Banging your head off a brick wall form the get-go won’t get you anywhere. You have to be realistic about what you are trying to do and how it will ultimately be implemented by the business. If it’s a long shot right at the start, it’ll make it a lot harder to keep bouncing it over the inevitable hurdles you’ll face to get it live further down the road.
- Start small, stay simple.
Ensuring you don’t over-complicate the problem (just because you CAN doesn’t necessarily mean you SHOULD) is the main slogan to stick over your workstation. Simple doesn’t mean basic. It means easier to explain, easier to sell to your management and their management and easier to implement. There are no prizes for taking the hardest road possible just to prove how smart you are. It’s a self defeating policy right out of the blocks. Don’t do it.
- Get the right team together to tackle the problem at hand.

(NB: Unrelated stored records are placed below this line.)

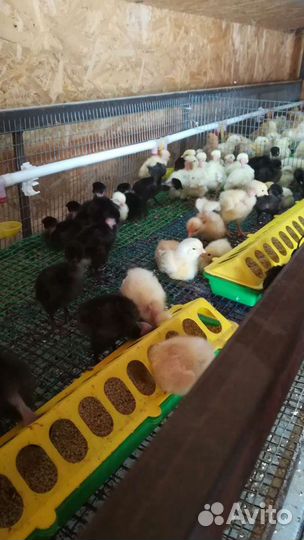 Цыплята, индюшка, утята, гусята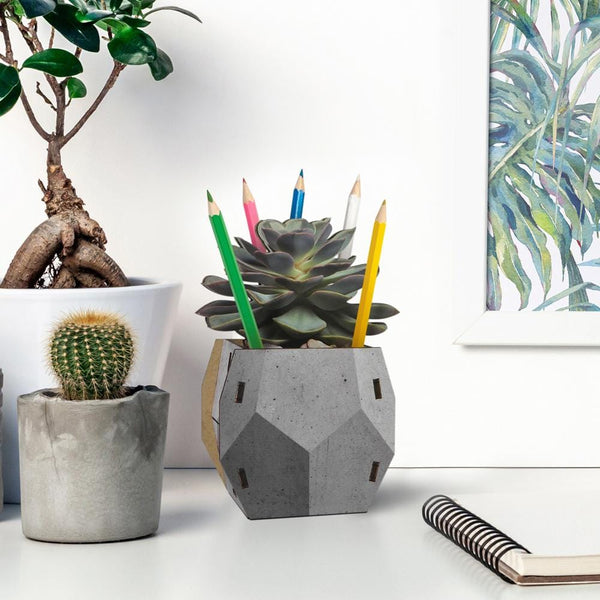 Genuine Fred POP PLANTS - Echeveria Pencil Holder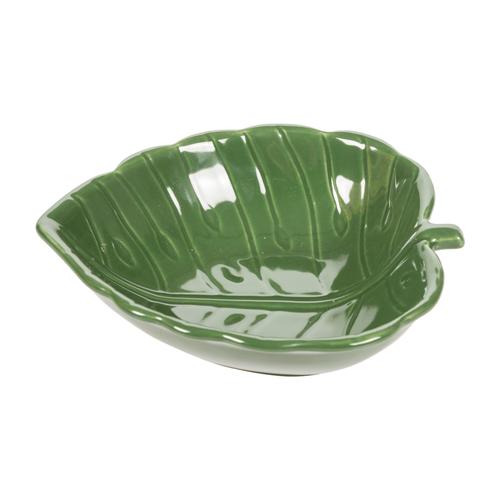 MONSTERA KASE 18X 5 CM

Teamwork makes the dream work. Uuggh, I feel dirty even typing that. But it’s true. Office politics and inter-team rivalries will always exist but try and work through them for the greater good. It would amaze absolutely no-one who has ever worked in a corporate environment that the biggest obstacles to success are to be found within your own organization. The "competition" don’t even come into it. Work to overcome that in your project and you’ll have a much higher chance of success.
And it’ll still probably not make the grade.

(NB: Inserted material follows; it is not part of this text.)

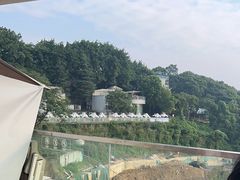 -南山植物园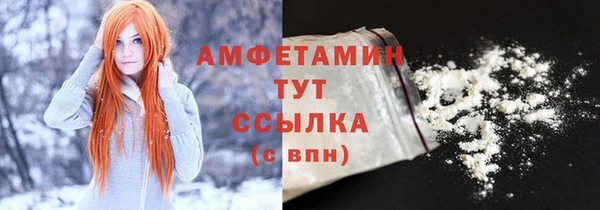 прущий лед Вяземский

I don’t want to put a downer on your mood but the odds will still be against you. A 1 in 10 strike rate should be expected in an experimental area like data science where not every idea is going to survive the Proof of Concept stage.
I'm seeing more and more despondency from young analysts and data scientists though when their long-term projects get shit-canned for whatever reason. I've been there myself and it's one of the major learning experiences, even further on in our data careers, that not everything is going to go into production. It's not called Data "Science" for nothing.
Educating the bosses.
Another major problem seems to be a misunderstanding at executive level that every project should be a winner or else the whole discipline is a waste of time. Which ultimately boils down to a lack of basic data literacy at senior levels. This is key to the success of any data-driven strategy and is often overlooked.
As modern data professionals we need to figure out how to educate our business leaders and bring them along with us as data equals. If we don’t we’ll see more and more projects fail and the attention will turn elsewhere for the next magic bullet for business success. And that would be a missed opportunity for all of us: nerds, suits and pen-pushers alike.